[Haskell-cafe] Somewhat random history question - chicken and egg
Jacques Carette
carette at mcmaster.ca
Tue Nov 13 20:32:58 EST 2007
jerzy.karczmarczuk at info.unicaen.fr wrote:
> But... tell me please, ANYONE, who takes part in this inspiring exchange:
> How many COBOL programs have you written in your life?
> How many programs in Cobol have you actually SEEN?
Shudder. In '86, I had to modify a COBOL code generator, *written in
COBOL*. The generated program read some data from a database and
printed out zillions of reports; the generated program took more than 24
hours to run, so rarely ever completed successfully, as the machines
they ran it on was not all that reliable. So I had to modify the
generator to generate 'check-pointing' code, so the reporting program
could be restarted from the last checkpoint rather than from the start.

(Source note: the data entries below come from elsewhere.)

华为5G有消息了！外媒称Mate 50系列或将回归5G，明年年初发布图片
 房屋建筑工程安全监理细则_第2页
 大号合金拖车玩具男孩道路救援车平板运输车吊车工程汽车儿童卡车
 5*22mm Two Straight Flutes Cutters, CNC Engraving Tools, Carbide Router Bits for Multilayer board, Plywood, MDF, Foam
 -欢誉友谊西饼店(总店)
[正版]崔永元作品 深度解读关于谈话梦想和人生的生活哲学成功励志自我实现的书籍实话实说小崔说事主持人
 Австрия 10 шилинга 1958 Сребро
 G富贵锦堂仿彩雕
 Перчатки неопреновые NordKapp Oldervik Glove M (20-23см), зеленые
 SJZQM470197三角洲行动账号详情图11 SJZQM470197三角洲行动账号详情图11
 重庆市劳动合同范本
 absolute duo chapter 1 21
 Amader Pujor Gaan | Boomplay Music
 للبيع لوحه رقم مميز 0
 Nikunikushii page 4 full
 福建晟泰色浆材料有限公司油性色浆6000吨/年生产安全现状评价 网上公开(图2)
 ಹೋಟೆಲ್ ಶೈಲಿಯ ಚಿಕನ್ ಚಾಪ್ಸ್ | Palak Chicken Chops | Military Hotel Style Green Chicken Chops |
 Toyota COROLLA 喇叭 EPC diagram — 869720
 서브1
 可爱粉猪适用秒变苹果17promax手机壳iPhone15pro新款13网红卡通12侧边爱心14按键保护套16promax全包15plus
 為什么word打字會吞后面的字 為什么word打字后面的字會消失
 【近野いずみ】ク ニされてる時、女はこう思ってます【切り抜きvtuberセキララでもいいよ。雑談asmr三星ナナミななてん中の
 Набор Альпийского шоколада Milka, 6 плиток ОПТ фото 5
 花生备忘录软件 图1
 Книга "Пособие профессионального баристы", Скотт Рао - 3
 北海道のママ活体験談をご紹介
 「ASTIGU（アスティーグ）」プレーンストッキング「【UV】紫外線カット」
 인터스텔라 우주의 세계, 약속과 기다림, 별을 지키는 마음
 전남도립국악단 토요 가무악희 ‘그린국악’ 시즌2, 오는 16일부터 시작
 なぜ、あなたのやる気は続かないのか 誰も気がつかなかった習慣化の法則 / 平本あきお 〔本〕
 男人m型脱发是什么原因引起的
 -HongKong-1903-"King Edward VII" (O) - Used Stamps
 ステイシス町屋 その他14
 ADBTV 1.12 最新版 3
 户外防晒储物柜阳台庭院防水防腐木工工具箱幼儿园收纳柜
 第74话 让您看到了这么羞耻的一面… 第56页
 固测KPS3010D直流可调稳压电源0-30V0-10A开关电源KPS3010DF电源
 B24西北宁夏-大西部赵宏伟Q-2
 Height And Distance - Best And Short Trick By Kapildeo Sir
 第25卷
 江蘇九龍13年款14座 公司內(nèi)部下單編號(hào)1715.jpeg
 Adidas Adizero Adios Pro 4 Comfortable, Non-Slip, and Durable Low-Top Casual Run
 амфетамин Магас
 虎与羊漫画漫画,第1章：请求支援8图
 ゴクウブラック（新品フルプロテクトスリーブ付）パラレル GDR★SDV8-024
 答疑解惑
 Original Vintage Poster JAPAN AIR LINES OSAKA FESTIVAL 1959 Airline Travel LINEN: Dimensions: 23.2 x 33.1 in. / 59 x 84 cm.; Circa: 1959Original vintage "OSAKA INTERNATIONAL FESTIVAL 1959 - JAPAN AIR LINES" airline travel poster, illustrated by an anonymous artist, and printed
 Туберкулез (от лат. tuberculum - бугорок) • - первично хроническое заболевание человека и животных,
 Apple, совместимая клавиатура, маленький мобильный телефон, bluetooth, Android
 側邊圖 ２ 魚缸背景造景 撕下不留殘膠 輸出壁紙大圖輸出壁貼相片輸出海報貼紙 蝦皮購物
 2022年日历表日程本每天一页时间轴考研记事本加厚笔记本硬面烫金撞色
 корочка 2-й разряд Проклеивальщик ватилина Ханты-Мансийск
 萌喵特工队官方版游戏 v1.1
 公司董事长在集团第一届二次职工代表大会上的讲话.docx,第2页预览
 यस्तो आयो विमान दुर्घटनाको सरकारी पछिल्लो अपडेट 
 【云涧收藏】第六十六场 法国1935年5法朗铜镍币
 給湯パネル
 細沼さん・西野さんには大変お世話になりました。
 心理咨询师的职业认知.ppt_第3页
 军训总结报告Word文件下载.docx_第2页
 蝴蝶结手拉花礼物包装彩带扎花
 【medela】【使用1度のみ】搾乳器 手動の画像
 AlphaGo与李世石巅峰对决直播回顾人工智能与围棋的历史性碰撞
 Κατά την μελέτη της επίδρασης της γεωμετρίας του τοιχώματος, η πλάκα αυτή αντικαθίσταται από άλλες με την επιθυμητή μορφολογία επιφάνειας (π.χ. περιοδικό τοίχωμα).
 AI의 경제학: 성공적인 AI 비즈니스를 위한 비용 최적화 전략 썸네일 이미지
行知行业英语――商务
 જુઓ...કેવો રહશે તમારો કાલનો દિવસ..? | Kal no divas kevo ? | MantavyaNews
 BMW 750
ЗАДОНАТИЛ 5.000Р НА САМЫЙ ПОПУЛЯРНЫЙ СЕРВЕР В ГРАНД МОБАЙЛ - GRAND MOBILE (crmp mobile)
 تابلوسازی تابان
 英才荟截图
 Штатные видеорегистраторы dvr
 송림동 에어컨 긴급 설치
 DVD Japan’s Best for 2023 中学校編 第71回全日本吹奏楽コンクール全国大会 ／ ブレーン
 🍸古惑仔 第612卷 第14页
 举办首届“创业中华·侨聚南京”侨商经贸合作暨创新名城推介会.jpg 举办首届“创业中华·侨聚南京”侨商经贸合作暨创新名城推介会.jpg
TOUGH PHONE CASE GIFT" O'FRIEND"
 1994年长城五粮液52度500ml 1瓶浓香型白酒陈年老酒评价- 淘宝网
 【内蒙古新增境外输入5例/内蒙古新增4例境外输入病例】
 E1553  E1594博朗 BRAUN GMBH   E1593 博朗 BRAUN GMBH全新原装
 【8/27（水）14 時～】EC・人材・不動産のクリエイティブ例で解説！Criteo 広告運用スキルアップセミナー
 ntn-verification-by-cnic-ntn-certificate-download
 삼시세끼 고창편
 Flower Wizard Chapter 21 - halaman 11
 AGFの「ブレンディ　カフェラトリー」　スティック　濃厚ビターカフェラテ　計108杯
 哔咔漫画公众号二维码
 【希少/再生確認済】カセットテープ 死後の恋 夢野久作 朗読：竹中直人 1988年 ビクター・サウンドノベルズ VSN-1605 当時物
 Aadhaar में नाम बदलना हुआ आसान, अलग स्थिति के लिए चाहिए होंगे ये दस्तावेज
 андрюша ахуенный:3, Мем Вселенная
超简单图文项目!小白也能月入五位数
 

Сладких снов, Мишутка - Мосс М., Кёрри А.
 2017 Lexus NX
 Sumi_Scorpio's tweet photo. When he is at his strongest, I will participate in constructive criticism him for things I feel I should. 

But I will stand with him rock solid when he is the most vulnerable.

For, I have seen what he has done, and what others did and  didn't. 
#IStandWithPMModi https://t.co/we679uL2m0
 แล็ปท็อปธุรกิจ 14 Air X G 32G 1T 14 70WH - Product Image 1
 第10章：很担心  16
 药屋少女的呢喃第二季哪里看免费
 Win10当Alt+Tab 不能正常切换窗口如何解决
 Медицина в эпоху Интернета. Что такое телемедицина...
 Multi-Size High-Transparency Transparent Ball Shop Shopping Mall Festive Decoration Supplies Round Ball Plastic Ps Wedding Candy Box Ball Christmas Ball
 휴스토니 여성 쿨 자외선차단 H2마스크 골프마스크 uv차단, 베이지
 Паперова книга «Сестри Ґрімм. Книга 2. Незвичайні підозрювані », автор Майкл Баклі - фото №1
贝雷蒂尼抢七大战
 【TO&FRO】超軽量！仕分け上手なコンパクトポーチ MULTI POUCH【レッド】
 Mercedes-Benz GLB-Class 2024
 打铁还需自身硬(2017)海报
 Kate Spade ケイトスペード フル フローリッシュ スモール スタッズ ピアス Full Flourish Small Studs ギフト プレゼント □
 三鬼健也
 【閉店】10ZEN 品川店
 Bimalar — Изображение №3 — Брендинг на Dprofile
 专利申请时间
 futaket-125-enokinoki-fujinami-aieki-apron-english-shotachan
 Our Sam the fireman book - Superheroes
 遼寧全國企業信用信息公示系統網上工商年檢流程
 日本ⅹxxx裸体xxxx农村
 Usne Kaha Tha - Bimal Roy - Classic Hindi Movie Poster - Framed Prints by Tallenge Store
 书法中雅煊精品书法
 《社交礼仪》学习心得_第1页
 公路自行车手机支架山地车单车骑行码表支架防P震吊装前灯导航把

Report generation was something that COBOL was rather good at; code
generation was an entirely different matter! That first exposure to
(untyped) code-generation probably explains why I'm such a big fan of
metaocaml these days...
That year, I had way more fun figuring out how call-by-name worked in
Algol 60, by starting at the generated thunks in the Burroughs 6800
assembly. Nice thing about that machine was that it was a pure stack
machine - kind of like the JVM, as a matter of fact. The other nice
thing about that machine is that they had completely bootstrapped it, so
that there was only an Algol compiler for it, no user-level assembler at
all [but a disassembler for debugging]. It had been bootstrapped
several years back, or so I was told.